Biden said that by “trying to rewrite the facts of Jan. 6, Trump is trying to steal history the same way he tried to steal the election.”

Trump, who faces 91 criminal charges stemming from his efforts to overturn his loss to Biden and three other felony cases, argues that Biden and top Democrats are themselves seeking to undermine democracy by using the legal system to thwart the campaign of his chief rival. The Supreme Court on Friday agreed to decide whether Trump could be kept off the ballot because of his efforts to overturn his 2020 election loss.

Speaking in Iowa Friday, Trump accused Biden of “abusing George Washington’s legacy” to attack him and his supporters, adding his own dire warning about the stakes in the campaign, saying, “This election is your last chance to save America.”

Biden, in his remarks, seized on Trump’s grievances and his pledges to get retribution on his political enemies.

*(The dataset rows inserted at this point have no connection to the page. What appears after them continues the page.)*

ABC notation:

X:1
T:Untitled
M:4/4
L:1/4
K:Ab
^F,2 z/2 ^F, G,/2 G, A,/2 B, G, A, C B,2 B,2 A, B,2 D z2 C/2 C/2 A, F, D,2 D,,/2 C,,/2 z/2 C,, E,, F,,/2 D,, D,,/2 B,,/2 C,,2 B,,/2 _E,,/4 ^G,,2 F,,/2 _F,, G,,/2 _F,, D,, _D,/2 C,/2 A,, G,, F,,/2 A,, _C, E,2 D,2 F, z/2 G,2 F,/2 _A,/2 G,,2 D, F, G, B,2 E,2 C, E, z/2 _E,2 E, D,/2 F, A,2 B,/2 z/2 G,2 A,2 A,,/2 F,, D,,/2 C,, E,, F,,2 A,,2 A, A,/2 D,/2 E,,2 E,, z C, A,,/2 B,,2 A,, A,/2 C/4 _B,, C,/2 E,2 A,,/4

“Donald Trump’s campaign is about him,” Biden said. “Not America. Not you. Donald Trump’s campaign is obsessed with the past, not the future.”

He added: “There’s no confusion about who Trump is or what he intends to do.”

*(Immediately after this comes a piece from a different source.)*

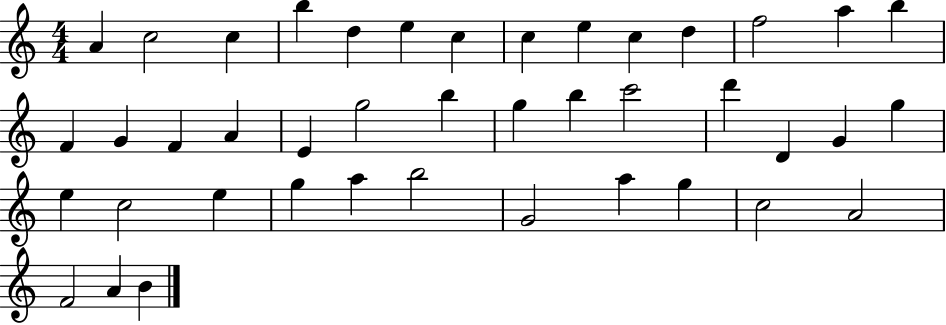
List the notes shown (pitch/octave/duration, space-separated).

Before his remarks, Biden, joined by his wife Jill, participated in a wreath laying ceremony at Valley Forge National Arch, which honors the troops who camped there from December 1777 to June 1778. He also toured the home that served as Washington’s headquarters.

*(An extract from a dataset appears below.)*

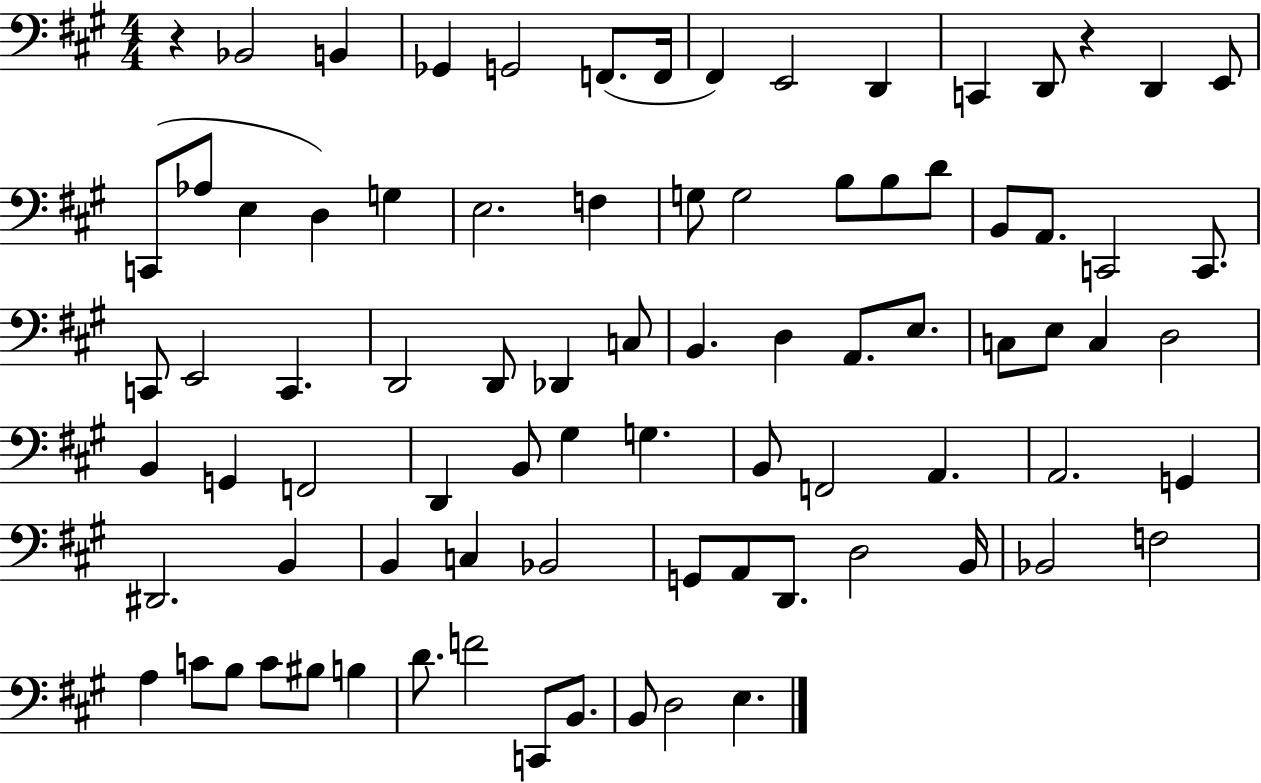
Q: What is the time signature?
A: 4/4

Biden invoked Washington’s decision to resign his commission as the leader of the Continental Army after American independence was won — and the painting commemorating that moment that resides in the Capitol Rotunda — to cast Trump as unworthy of Washington’s legacy.

“He could have held onto that power as long as he wanted,” Biden said of Washington. “But that wasn’t the America he and the American troops of Valley Forge had fought for. In America, our leaders don’t hold on to power relentlessly. Our leaders return power to the people – willingly.”

Although the chaos of Jan. 6 came down on members of both political parties, it is being remembered in a largely polarized fashion now, like other aspects of political life in a divided country.

In the days after the attack, 52% of U.S. adults said Trump bore a lot of responsibility for Jan. 6, according to the Pew Research Center.